Axel Schülzgen, a professor in the College of Optics and Photonics, and his colleagues were awarded $870,000 to purchase equipment that will create the glass preforms necessary for producing fiber optics. Optical fibers are the backbone of most telecommunications systems, transporting vast amounts of data via the Internet and telephone connections, and fuel a multibillion global industry.
With the new equipment, Schülzgen and his team will be able to make their own preforms—cylindrical chunks of glass—the raw material for fiber optic cable.
Nanoscience Equals Big Business
From research to commercialization one “coat” at a time.
Building on the recent success of UCF spin-off Garmor Inc. in making a powder form of super-strong graphene available to industry, UCF’s NanoScience Center is developing a new program to make a graphene-based spray coating that would help multiple industries fight corrosion.

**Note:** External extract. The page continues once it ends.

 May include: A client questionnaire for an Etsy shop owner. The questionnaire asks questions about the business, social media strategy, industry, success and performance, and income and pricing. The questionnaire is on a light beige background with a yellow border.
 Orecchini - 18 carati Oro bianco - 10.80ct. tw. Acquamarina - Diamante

The goal of the program to is to provide a cost-effective, large-area polymer/graphene-based coating technology to both strengthen mechanical components, such as materials used for the construction of aircraft and cars, and protect materials like gas and oil pipelines from corrosion.
“We can use graphene and composite materials to produce new applications for automotive, aerospace, oil and gas, the military and even the medical industries to utilize this extremely powerful material,” says Sudipta Seal, Ph.D., director of the NanoScience Technology Center and Advanced Materials Processing Analysis Center and a professor of materials science and engineering.

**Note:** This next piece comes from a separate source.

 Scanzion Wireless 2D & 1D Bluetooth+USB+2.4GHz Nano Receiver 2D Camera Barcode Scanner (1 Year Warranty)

Seal has published articles on the strength and flexibility of aluminum composites reinforced with carbon nanotubes that is central to the process. The research program will concurrently focus on developing graphene oxide, a plastic host and a plasma spray.

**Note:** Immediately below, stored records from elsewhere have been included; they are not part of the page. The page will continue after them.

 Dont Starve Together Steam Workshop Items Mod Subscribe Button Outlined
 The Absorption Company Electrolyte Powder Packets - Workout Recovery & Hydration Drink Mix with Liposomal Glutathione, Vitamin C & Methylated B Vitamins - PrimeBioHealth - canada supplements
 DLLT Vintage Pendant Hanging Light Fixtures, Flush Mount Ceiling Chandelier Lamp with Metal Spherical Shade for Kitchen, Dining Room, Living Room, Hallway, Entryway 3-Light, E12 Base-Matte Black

Garmor will assist with formulating the graphene oxide. The company has licensed technology developed by NanoScience Center researchers Richard Blair, Ph.D., and David Restrepo. (See FORWARD Florida, Issue 6, 2013-14.)
The scientists will modify graphene, which originates from graphite similar to that found in pencil lead, so it can be adhered to a plastic host and sprayed onto a surface while retaining its innate strength and elasticity.